1956: "She Only Goes Out at Night . . ." by William Tenn, first published in Fantastic Universe, October 1956, available at the Internet Archive, is about a young lady vampire named Tatiana
Latianu . . .

He came back about eleven-thirty, looking as old as his father. I was right, all right. When he'd wakened Tatiana and asked her straight, she'd broken down and wept a couple of buckets-full. Yes, she was a vampire, but she'd only got the urge a couple of months ago. She'd fought it until her mind began to crack. Then she'd found that she could make herself invisible, when the craving hit her. She'd only touched kids, because she was afraid of grown-ups—they might wake up and be able to catch her. But she'd kind of worked on a lot of kids at one time, so that no one kid would lose too much blood. Only the craving had been getting stronger . . .

. . . and the country doctor who cures her:

The only thing none of us counted on was Doc. Not enough, that is.

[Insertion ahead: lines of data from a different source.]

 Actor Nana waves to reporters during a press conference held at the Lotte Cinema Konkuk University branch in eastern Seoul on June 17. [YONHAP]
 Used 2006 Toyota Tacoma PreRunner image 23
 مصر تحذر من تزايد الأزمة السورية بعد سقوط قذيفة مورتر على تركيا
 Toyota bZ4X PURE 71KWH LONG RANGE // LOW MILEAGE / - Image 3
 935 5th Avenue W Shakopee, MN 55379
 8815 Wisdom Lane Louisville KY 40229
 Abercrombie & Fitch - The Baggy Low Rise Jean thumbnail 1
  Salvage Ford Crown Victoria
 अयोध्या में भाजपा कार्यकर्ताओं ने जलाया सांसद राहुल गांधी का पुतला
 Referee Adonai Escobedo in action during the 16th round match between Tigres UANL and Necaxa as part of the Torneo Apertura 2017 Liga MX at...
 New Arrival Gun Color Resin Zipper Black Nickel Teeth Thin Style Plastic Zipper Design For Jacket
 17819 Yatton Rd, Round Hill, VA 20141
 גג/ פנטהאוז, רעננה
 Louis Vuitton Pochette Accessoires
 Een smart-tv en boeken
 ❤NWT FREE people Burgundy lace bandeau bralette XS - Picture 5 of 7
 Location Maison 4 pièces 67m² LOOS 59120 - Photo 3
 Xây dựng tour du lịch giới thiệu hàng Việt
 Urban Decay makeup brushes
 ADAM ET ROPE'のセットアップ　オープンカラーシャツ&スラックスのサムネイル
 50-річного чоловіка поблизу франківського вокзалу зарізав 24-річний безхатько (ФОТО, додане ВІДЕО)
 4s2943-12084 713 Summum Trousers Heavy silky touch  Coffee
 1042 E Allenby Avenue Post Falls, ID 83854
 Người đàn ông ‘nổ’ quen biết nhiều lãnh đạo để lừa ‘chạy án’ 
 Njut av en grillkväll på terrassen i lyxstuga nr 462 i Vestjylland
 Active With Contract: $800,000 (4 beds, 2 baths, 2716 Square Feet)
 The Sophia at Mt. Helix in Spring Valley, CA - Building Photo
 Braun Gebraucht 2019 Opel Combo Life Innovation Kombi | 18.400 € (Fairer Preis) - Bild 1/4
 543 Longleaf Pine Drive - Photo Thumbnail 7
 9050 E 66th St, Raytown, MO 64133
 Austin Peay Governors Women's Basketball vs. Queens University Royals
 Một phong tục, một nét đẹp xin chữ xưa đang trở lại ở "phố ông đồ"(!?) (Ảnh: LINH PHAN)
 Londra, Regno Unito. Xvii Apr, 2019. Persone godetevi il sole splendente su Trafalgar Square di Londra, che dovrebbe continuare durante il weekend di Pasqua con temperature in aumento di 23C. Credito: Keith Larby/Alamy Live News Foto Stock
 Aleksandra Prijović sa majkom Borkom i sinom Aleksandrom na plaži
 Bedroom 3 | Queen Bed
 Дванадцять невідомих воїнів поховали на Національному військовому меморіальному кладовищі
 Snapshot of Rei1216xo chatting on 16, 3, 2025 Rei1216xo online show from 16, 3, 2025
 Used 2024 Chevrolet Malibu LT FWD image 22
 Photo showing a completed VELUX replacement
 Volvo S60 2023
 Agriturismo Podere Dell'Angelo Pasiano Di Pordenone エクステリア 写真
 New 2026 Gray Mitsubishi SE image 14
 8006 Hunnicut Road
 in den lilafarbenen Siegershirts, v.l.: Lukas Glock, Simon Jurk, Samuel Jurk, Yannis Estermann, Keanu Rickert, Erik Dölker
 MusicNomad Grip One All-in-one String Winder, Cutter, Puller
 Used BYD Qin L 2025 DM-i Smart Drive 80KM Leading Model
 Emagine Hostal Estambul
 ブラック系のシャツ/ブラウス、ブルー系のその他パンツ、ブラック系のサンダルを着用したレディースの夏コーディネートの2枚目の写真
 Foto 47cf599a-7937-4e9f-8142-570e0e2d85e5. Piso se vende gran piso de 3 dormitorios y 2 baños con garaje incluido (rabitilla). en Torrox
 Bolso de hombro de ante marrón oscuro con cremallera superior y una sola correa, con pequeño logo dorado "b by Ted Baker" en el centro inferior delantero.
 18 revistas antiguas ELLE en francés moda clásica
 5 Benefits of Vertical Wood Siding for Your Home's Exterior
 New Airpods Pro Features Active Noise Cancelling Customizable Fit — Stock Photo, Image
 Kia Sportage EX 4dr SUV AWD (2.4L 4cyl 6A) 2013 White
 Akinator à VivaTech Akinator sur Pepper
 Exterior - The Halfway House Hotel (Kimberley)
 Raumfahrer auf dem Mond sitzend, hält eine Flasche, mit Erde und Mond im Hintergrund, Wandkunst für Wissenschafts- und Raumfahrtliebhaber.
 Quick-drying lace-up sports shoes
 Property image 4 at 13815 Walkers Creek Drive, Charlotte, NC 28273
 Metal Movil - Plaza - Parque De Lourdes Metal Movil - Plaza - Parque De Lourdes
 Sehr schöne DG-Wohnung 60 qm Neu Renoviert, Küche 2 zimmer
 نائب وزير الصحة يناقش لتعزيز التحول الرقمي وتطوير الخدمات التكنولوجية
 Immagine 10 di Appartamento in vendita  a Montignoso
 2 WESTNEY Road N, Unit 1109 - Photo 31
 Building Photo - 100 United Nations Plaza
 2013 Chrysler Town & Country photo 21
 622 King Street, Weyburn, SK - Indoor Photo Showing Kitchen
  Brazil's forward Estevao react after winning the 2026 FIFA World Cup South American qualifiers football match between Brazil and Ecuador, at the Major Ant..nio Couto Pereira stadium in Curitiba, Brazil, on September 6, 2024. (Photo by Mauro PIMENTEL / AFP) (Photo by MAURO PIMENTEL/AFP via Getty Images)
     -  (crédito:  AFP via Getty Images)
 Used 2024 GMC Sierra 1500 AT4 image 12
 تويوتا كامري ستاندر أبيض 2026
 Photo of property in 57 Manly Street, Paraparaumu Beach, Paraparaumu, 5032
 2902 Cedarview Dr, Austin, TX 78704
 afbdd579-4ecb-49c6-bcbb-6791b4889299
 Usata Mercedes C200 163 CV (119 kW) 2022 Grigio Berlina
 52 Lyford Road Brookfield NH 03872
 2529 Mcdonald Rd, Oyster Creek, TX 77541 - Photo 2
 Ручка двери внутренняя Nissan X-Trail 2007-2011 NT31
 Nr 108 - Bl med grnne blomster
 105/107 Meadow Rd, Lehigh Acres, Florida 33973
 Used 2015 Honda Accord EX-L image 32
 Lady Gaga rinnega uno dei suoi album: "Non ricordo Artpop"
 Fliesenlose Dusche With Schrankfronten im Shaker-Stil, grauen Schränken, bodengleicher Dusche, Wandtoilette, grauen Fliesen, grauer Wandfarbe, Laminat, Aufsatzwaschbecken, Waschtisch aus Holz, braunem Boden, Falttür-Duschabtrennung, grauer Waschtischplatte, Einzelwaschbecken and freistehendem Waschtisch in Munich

Once he'd been introduced to Tatiana and heard her story, his shoulders straightened and the lights came back on in his eyes. The sick children would be all right now. That was most important. And as for Tatiana—

"Nonsense," he told her. "Vampirism might have been an incurable disease in the fifteenth century, but I'm sure it can be handled in the twentieth. First, this nocturnal living points to a possible allergy involving sunlight and perhaps a touch of photophobia. You'll wear tinted glasses for a bit, my girl, and we'll see what we can do with hormone injections. The need for consuming blood, however, presents a somewhat greater problem."

But he solved it:

They make blood in a dehydrated, crystalline form these days. So every night before Mrs. Steven Judd goes to sleep, she shakes some powder into a tall glass of water, drops in an ice-cube or two and has her daily blood toddy. Far as I know, she and her husband are living happily ever after.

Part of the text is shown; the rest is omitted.